▶ Records for processing:
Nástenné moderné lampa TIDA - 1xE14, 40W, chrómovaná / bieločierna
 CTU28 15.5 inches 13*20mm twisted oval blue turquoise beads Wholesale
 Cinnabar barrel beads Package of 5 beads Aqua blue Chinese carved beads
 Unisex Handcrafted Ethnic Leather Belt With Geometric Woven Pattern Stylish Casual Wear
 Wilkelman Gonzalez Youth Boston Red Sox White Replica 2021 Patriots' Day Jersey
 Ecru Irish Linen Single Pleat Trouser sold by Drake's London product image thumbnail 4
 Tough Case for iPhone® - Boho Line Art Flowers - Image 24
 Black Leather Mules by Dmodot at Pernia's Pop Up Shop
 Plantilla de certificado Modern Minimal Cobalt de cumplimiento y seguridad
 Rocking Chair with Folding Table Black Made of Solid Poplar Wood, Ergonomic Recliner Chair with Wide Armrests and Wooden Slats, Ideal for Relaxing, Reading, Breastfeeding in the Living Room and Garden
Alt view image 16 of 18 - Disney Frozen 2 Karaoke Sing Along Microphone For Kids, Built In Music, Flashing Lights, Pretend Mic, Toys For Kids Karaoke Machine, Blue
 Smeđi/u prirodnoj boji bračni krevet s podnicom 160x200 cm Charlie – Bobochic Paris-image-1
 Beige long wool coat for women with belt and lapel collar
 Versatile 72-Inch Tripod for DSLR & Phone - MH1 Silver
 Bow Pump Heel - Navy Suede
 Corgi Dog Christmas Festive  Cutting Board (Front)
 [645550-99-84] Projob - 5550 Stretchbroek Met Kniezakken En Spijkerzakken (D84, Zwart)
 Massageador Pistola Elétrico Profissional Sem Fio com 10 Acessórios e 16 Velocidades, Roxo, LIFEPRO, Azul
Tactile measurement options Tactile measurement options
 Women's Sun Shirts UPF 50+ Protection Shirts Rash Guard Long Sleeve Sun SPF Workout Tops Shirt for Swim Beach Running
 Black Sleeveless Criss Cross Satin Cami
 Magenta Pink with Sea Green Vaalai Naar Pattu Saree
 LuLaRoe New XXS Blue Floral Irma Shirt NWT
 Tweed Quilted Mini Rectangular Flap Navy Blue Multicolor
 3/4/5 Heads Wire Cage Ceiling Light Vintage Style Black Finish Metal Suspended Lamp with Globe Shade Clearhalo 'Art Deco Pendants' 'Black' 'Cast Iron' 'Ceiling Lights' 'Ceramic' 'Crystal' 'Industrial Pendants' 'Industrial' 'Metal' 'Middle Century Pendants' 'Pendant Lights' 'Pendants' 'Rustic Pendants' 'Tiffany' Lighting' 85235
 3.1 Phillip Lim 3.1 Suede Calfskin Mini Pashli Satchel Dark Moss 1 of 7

▶ Task objective: Your answer should be the exact lines above from the one with "Smeđi/u prirodnoj boji" through the one with "LuLaRoe New XXS Blue Floral Irma Shirt NWT", both included, and nothing besides.

▶ Result of the task:
 Smeđi/u prirodnoj boji bračni krevet s podnicom 160x200 cm Charlie – Bobochic Paris-image-1
 Beige long wool coat for women with belt and lapel collar
 Versatile 72-Inch Tripod for DSLR & Phone - MH1 Silver
 Bow Pump Heel - Navy Suede
 Corgi Dog Christmas Festive  Cutting Board (Front)
 [645550-99-84] Projob - 5550 Stretchbroek Met Kniezakken En Spijkerzakken (D84, Zwart)
 Massageador Pistola Elétrico Profissional Sem Fio com 10 Acessórios e 16 Velocidades, Roxo, LIFEPRO, Azul
Tactile measurement options Tactile measurement options
 Women's Sun Shirts UPF 50+ Protection Shirts Rash Guard Long Sleeve Sun SPF Workout Tops Shirt for Swim Beach Running
 Black Sleeveless Criss Cross Satin Cami
 Magenta Pink with Sea Green Vaalai Naar Pattu Saree
 LuLaRoe New XXS Blue Floral Irma Shirt NWT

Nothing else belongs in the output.